BEGIN Exercise materials

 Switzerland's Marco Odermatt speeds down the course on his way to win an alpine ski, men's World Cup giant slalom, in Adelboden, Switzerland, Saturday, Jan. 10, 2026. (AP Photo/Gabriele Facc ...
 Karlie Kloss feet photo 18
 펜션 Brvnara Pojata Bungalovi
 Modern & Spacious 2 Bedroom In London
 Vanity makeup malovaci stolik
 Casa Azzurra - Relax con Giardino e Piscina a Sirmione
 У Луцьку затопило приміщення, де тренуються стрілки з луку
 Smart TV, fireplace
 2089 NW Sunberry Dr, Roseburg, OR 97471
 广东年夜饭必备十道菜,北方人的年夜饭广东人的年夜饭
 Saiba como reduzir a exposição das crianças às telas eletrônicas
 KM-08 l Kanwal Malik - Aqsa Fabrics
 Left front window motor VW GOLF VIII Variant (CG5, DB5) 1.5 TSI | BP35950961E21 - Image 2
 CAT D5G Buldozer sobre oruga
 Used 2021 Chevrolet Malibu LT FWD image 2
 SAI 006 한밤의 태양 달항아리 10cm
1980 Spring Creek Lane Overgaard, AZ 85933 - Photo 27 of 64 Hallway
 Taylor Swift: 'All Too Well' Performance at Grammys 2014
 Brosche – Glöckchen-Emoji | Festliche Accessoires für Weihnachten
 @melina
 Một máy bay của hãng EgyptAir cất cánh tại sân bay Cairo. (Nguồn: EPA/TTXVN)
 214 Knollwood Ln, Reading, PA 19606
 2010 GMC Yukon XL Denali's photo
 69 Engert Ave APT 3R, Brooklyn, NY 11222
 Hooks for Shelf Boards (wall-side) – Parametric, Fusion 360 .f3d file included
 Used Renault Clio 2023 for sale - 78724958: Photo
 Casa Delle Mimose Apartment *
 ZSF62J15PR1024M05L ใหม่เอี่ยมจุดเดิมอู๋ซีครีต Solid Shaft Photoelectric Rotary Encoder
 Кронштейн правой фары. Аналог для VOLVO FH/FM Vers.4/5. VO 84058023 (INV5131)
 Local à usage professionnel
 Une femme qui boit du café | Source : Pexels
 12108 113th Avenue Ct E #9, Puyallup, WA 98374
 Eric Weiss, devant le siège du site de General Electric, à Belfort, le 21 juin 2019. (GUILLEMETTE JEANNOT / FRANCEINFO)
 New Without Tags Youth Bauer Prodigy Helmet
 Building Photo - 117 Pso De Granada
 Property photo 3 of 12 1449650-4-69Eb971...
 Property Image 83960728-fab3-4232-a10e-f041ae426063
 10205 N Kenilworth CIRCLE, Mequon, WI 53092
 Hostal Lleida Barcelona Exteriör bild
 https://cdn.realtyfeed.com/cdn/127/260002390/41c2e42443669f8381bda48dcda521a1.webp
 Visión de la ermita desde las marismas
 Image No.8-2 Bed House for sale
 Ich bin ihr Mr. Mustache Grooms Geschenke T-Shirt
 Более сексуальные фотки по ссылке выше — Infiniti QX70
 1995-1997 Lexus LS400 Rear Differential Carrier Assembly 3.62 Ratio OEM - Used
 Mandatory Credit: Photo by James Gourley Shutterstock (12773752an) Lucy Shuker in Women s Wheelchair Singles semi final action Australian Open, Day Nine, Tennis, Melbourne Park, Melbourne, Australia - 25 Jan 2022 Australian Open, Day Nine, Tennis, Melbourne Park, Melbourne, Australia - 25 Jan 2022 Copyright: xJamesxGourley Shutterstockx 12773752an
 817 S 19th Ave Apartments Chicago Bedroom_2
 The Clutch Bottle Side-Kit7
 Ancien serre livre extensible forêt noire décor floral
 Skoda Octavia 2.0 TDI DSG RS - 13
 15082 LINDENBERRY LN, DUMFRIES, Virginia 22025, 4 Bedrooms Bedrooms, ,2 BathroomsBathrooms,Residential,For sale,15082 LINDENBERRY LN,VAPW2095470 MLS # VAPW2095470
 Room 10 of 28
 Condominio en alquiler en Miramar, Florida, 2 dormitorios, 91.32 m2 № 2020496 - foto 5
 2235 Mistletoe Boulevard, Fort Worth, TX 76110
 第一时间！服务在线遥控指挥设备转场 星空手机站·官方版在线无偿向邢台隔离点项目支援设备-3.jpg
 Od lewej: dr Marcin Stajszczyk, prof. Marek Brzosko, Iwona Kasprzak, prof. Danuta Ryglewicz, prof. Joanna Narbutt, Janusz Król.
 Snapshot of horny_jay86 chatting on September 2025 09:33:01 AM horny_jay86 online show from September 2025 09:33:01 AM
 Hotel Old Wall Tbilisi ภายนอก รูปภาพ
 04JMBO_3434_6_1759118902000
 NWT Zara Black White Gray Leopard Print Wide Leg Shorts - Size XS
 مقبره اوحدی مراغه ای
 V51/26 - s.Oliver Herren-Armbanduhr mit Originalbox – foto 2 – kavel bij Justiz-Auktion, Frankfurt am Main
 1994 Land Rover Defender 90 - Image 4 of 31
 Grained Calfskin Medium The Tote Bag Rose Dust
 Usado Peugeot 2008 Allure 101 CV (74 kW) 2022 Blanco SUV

END Exercise materials

Exercise
Extract all lines from the data in which "Property" is found.

Answer box
 Property photo 3 of 12 1449650-4-69Eb971...
 Property Image 83960728-fab3-4232-a10e-f041ae426063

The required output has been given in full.